I nostri video inediti dall’Ucraina

Se l’11 settembre 2001 ha segnato la fine dell’innocenza americana, il 24 febbraio 2022 ha segnato la fine del sonno (o sogno) europeo che, dal 1945, ha voluto dimenticare l’orrore della guerra sul proprio territorio. È sembrato di rivivere quel primo settembre del 1939 quando, sempre nel cuore dell’Europa Orientale, una potenza autocratica invadeva il paese confinante rivendicandola per sè e non è un caso che Valdimir Putin faccia riferimento proprio a quella potenza, quella nazista, per giustificare la propria invasione dell’Ucraina.

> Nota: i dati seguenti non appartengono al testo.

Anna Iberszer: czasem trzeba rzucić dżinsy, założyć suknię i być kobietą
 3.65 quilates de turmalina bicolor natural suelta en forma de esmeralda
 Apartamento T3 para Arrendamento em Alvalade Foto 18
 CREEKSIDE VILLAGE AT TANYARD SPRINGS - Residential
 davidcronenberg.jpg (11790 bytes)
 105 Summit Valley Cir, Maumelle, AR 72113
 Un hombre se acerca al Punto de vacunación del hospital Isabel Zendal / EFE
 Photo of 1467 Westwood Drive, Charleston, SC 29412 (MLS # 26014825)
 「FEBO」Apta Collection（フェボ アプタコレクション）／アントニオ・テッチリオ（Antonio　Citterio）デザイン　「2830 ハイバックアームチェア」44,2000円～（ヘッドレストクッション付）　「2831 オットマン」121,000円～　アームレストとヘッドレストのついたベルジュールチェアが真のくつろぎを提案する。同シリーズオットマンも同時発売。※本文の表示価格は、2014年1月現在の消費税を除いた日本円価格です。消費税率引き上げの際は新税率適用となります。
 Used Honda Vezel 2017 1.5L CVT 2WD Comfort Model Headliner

Si è tornato a parlare di Unione Sovietica (uno scivolone freudiano in cui cadono anche i giornalisti che raccontano le operazioni di guerra), di Lenin, di cui tra due anni ricorre il centenario della morte, quale autore dell’attuale regalo territoriale all’Ucraina. E poi, ancora più dietro, una regressione al Congresso di Vienna quando venne coniata la locuzione “espressione geografica” per riferirsi ad una Nazione che non si voleva riconoscere. L’Italia del 1814 come l’Ucraina del 2022, Putin come Metternich, come Lenin, come Hitler. L’uso distorto della storia del secolo IX e XX che l’autocrate del Cremlino sta mettendo in atto per giustificare le sue mire espansionistiche da Zar di tutte le Russie evidenzia la brusca involuzione che l’invasione dell’Ucraina ha fatto fare a tutta la comunità internazionale e segna il brusco risveglio dalla “pax europea” soprattutto per il vecchio continente.

L’Europa si ritrova di nuovo, inaspettatamente, a dover risolvere un conflitto non meramente intestino, come accadde in Jugoslavia, ma un’invasione che potrebbe non limitarsi all’Ucraina, esattamente come fu per la Polonia del 1939. Tuttavia, se la dinamica è simile, sono cambiati gli attori, con la presenza delle istituzioni europee, dalla incerta capacità decisionale unitaria, sono cambiate le armi, potenzialmente catastrofiche, sono cambiate le comunicazioni, consentendo a tutti di vivere la guerra istante per istante attraverso i media e i social. Una guerra 2.0 che, nonostante lo straordinario sviluppo tecnologico, ci trova fatalmente del tutto impreparati.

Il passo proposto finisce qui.